[comp.lang.c++] Continuing efforts to build a CM++

casey@COGNET.UCLA.EDU (11/11/88)

  We must be doing something wrong.  We probably just don't know how to
use C++ (GNU C++) properly.  Could some kind soul flame the shit out of
us and then point us in the right direction???

  Appended to the end of this is a small sample of what we're trying to
do with C++ in building a development environment for the Connection
Machine.  (For the real masochists among you, I've also appended the
annotated assembly output (GNU C++ 1.27, VAX 8350, Ultrix 2.2).)  It's
highly abstracted, but demonstrates two of the problems we've been unable
to get past.  Both of these are efficiency problems.  We *can* get C++ to
do the right thing, but shades of Lisp, what a mess!!  The code it
generates is horrible!

  I've already described the first problem: the desire to have compile
time attributes for objects.  Our second problem is more likely just us
not doing the right thing.  This problem is demonstrated by the CM_int
operator+ function below.  When the statement ``x = y + z'' is compiled,
y + z is computed into the explicit temporary result, result is copied
into a compiler generated temporary, and then that is copied into x ...

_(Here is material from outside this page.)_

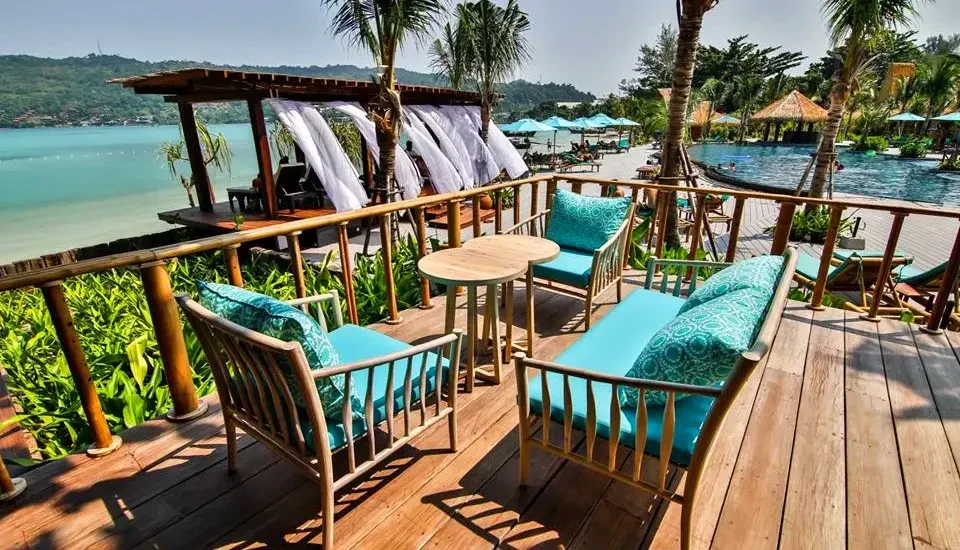 هتل فی فی کوکو بیچ ریزورت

  What we'd like to do is define the operator+ something like the
following:

	inline CM_int operator+(CM_int &a, CM_int &b)
	{
		if (!this)
			this = new CM_int(max(a.len, b.len));
		if (a.len == b.len && a.len == this->len)
			CM_s_add_3_1L(this->addr, a.addr, b.addr, a.len);
		else
			CM_s_add_3_3L(this->addr, a.addr, b.addr, this->len, a.len, b.len);
	}

where the compiler generate (essentially) three address binary operator
streams.  E.g. the two sources, and where it wants the result.  This
would completely eliminate the worthless copies being made in the
present code.  Note the code to create the compiler temporaries properly
via the test ``if (!this) ...'' - the compiler can't possibly know what
values to pass to the constructor for the temporary.

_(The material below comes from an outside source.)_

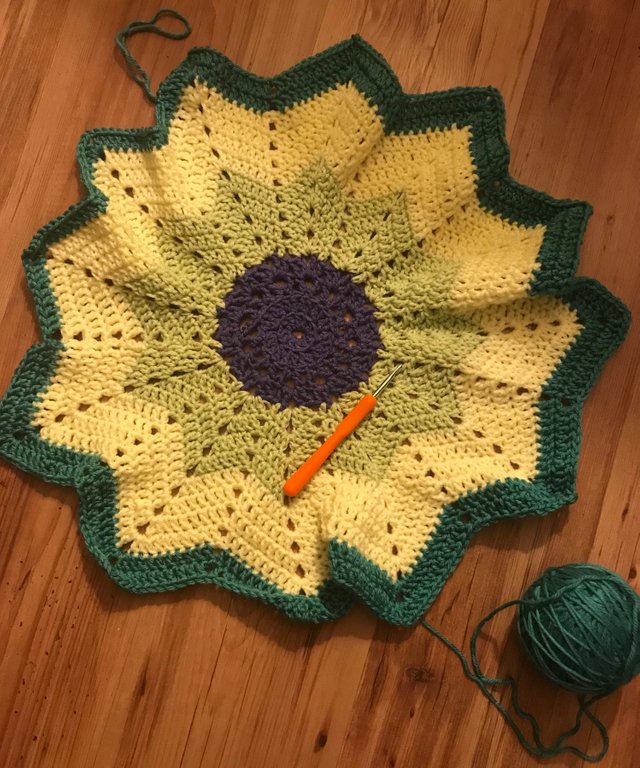 crochet 12pt star 3.JPG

  Also note that if the "len" field were a compile time attribute as we
want it to be, the optimizer could pull out all the length comparison
conditionals and simply replace them with the correct branch.

Casey

P.S.
  Just as a note on the complexity issue that's been running around on
the group recently, I would have to say that C++ is not too complex.
What you're looking at is the inherit complexity in fully defining a
first class object class in the language.  Just think of the code in your
favorite C compiler to implement the stock set of types and you may get
an idea of what I'm talking about.  It takes a lot to define all the
attributes of how an object class behaves.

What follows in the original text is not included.